Equality for values -- new analysis, same conclusion

Brian Goetz brian.goetz at oracle.com
Mon Aug 12 17:37:41 UTC 2019



> I think we should take a step back on that subject,
> because you are all jumping to the conclusion too fast in my opinion.
>
> Let starts by the beginning,
> the question about supporting == on inline type should first be guided by what we should have decided if inline types were present from the inception of Java, it's the usual trick when you want to retcon a feature.

This is a good question, and worth discussing.

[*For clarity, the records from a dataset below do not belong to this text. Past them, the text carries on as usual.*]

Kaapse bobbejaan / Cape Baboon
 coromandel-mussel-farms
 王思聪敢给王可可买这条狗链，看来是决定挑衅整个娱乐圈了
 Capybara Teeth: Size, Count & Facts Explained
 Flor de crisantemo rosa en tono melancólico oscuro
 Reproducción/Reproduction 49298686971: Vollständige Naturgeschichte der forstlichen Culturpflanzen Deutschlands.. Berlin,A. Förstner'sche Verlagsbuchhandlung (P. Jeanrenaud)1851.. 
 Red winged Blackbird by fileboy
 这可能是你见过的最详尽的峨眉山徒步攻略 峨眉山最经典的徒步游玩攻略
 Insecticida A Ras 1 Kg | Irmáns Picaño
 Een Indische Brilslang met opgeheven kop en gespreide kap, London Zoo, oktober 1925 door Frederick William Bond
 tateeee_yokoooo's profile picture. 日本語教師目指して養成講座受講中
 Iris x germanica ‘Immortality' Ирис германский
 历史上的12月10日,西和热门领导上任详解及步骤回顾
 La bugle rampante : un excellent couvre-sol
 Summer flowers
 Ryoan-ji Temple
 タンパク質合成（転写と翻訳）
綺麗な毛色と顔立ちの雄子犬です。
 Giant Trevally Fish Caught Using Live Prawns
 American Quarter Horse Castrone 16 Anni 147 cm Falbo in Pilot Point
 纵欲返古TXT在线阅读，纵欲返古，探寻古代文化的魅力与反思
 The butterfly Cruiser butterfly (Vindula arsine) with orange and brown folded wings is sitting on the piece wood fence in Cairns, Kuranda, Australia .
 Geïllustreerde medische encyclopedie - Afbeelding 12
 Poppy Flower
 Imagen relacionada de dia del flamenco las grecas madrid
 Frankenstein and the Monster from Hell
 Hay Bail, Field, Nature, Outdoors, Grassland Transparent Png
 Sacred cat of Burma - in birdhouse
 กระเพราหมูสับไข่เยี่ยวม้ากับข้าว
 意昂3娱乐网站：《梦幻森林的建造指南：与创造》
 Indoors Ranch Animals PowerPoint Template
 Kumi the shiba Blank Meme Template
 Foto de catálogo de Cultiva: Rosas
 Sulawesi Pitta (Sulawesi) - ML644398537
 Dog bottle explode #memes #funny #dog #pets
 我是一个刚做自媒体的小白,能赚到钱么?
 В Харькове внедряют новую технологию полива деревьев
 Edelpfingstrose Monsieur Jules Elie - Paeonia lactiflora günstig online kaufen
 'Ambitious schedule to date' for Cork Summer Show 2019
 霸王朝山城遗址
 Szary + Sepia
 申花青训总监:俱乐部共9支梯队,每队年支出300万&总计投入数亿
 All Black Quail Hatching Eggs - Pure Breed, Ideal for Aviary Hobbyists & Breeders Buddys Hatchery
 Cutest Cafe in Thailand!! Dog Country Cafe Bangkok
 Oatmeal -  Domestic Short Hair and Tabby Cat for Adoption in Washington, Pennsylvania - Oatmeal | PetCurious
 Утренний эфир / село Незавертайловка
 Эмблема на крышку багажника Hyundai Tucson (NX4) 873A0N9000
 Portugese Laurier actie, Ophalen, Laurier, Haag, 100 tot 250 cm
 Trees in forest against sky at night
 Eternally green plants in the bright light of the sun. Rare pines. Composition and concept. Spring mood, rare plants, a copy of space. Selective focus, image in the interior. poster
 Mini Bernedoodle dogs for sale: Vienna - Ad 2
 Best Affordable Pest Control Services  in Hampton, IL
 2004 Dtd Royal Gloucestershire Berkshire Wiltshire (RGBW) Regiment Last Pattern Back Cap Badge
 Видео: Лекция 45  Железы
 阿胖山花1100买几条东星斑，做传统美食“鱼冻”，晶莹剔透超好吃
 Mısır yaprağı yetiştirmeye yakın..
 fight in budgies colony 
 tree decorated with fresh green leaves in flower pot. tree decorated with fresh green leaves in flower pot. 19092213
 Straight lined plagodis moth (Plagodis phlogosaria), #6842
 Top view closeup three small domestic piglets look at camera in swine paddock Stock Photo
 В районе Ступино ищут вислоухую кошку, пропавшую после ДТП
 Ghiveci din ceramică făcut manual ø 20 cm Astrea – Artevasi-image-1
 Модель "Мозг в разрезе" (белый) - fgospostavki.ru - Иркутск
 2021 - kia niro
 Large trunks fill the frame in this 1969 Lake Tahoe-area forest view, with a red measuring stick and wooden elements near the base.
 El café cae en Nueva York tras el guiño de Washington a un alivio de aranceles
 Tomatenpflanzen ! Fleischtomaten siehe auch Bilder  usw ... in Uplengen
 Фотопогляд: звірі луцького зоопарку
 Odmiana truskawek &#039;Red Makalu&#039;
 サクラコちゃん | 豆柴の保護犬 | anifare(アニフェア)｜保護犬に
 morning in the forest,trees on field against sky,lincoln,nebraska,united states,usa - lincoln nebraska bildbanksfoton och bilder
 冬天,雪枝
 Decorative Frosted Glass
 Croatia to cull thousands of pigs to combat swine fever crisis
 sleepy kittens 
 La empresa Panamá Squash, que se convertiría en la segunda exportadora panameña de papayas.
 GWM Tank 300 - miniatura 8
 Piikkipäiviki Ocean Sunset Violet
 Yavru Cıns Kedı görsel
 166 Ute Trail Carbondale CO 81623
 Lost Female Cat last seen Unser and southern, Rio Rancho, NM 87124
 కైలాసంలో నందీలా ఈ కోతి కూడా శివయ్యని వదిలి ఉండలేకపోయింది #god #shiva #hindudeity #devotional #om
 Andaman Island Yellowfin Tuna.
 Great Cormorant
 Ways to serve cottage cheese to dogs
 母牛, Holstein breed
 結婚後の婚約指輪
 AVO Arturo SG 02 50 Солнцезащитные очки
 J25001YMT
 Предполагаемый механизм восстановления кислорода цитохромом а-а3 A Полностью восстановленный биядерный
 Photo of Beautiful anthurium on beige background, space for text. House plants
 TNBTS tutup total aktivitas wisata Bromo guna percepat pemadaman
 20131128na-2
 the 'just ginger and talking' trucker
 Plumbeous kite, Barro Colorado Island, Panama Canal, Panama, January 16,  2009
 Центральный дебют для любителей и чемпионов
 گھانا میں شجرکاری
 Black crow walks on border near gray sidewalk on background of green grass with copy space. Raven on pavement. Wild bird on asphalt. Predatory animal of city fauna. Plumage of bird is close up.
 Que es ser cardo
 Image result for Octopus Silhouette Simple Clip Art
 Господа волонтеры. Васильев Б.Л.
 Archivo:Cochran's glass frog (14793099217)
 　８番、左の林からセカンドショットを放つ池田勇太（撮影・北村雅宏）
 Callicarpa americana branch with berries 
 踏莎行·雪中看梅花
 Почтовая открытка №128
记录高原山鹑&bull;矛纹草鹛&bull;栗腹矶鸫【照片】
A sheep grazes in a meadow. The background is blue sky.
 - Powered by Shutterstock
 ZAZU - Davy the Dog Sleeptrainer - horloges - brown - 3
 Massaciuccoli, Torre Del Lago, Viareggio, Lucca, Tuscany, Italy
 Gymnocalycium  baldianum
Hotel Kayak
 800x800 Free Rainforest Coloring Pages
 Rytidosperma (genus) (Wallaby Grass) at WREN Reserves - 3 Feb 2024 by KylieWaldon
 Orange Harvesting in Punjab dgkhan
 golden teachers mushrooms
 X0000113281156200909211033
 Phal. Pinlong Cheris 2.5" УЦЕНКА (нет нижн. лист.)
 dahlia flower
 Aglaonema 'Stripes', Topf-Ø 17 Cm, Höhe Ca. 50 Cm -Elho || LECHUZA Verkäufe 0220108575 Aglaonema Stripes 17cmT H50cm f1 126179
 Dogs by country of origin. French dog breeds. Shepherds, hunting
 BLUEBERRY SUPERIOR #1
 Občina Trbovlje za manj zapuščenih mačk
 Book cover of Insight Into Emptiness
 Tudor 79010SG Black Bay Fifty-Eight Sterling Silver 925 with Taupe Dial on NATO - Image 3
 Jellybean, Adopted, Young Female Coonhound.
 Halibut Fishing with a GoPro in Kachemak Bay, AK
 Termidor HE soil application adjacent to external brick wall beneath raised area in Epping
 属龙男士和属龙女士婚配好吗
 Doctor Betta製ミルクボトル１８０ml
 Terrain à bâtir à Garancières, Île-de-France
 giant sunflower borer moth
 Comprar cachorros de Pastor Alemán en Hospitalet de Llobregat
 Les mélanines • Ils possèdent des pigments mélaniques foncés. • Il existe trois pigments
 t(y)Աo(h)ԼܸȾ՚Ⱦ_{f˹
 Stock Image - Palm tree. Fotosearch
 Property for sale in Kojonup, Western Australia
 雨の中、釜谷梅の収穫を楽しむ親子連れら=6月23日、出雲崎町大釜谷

> If we had inline types from the beginning, i believe we will never had allowed == on Object, the root type of the hierarchy, but have a special method call that will only work on indirect type like in C#.
Talk about jumping to conclusions too fast :)  This is surely one of the 
options, but by far not the only.

If we had the benefits of hindsight (both for how Java is used, and 
where it was going), we might instead have chosen the following total 
operators:

  - `==` is a substitutibility test for all types
  - `===` delegates to equals() for all class types, and == for 
primitives (let's not discuss this further, as it is separable and 
surely not the problem on the table.)

Note that on "traditional" object references, Object== _is already_ a 
substitutibility test.  In fact, on every type that `==` is defined 
today, it is a substitutibility test (modulo NaN.)  So while we might 
have chosen a different path back then, we can still choose a path that 
is consistent with where we might have gone, by extending == to be a 
substitutibility test for the new types.  This also seems the path of 
least astonishment.

The problem with Object== is not that it is unsound, it's that it is 
_badly overused_.  This largely comes from coding conventions set very 
early in Java's lifetime, such as using `==` as a quick check both in 
the implementation of `equals()` methods, and before calling `equals()` 
(e.g., `x == y || x.equals(y)`).  And this overuse comes from 
performance assumptions from the Java 1.0 days, which were that 
everything was interpreted and virtual method calls like equals() were 
super-expensive.  This was true for the first few years, but in 
hindsight, these coding patterns are the boat anchor, not the semantics 
of Object== itself.  These patterns went from "necessary for 
performance" to "useless but harmless", and it is their harmlessness 
that has allowed them to survive.

Also, let's be honest: the sole reason we're having this conversation is 
that we are concerned about the performance impact. That should surely 
be considered, but letting that dictate the semantics of language-level 
equality would be an extremely risky move -- and something we should 
consider with the utmost of care and skepticism.

> i propose
> - to banned V== (compile error)
> - to make Object==and T== emit a compiler warning explaining that the code should be changed
> - add a method System.identityEquals(RefObject, RefObject) as replacement

I get why this is attractive to you, but I think it will be a constant 
source of confusion to users.  First, we've told users that one of the 
key use cases for value types is numerics.  Numerics are frequently 
compared for equality.  That users can't use `==` on numeric values at 
all will surely be a puzzlement, and not just once per user.  (There are 
things that we can explain to users, and they'll say "OK, I don't like 
it but I get it", but if we try to explain to them why they can't 
compare two Float16s for equality, their eyes will likely glaze over and 
will say "you guys have gone off the deep end.")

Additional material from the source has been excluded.